Liest man diesen Zeitungsartikel genau, so hat erhält man geradezu ein Musterbeispiel dafür, wie Sozialwissenschaften durch geschickte Art der Fragestellungen und subtil gesteuerte Deutung das gewünschte Ergebnis erzielen können. Ein Beispiel dafür? Hier kommt es:

„Menschen verlieren sukzessive die Kontrolle über das eigene Leben“, warnt Heitmeyer.

Das wird man allerdings aus der Studie nie und nimmer folgern können! Denn die Studie kann gar nicht zu Aussagen über die tatsächlichen Verhältnisse gelangen. Keine Meinungsumfrage kann tatsächliche Verhältnisse abbilden. Sie kann nur Meinungen über die tatsächlichen Verhältnisse abbilden.

Eher gilt: Die Menschen haben das Gefühl, sukzessive die Kontrolle über das eigene Leben zu verlieren.Und dieses Gefühl ist – wie jedes Gefühl – weder widerlegbar noch rechtfertigbar. Es ist eben – ein Gefühl.

Letztlich dienen solche Studien dazu, politische Paradigmen zu stützen.
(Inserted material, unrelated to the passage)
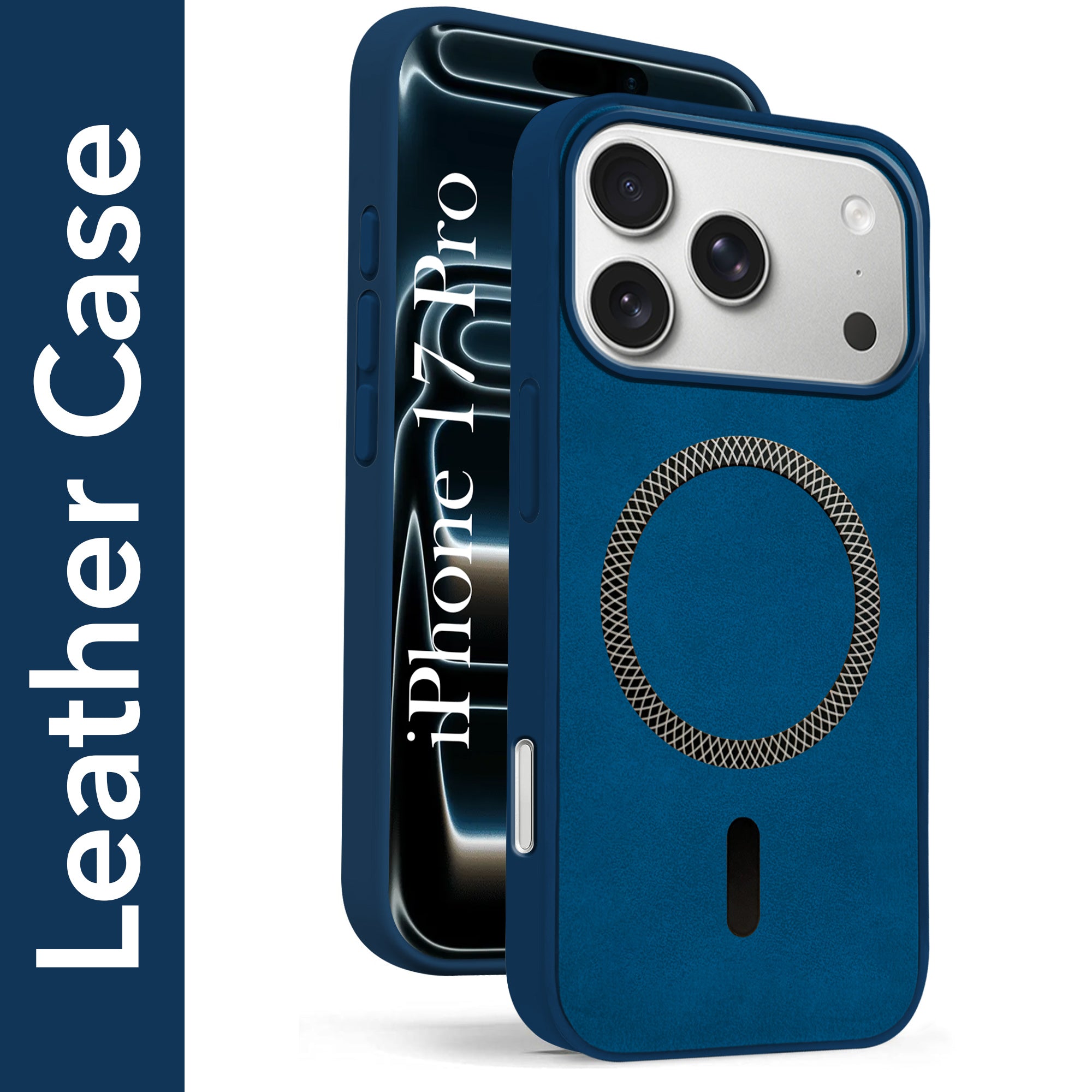 For Apple iPhone 17 Pro Back Cover Case Leather Finish (MagSafe Compatible Wireless Charging | Soft Touch | Camera Bump Protection)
Die Menschen werden im Gefühl bestärkt, sich als Opfer zu sehen. Daraus folgert dann die herrschende Umverteilungspolitik die Berechtigung, noch mehr Geld für eigene Zwecke zu vereinnahmen, um den zuvor bewusst geschürten erzeugten Anschein der Ungerechtigkeit zu lindern.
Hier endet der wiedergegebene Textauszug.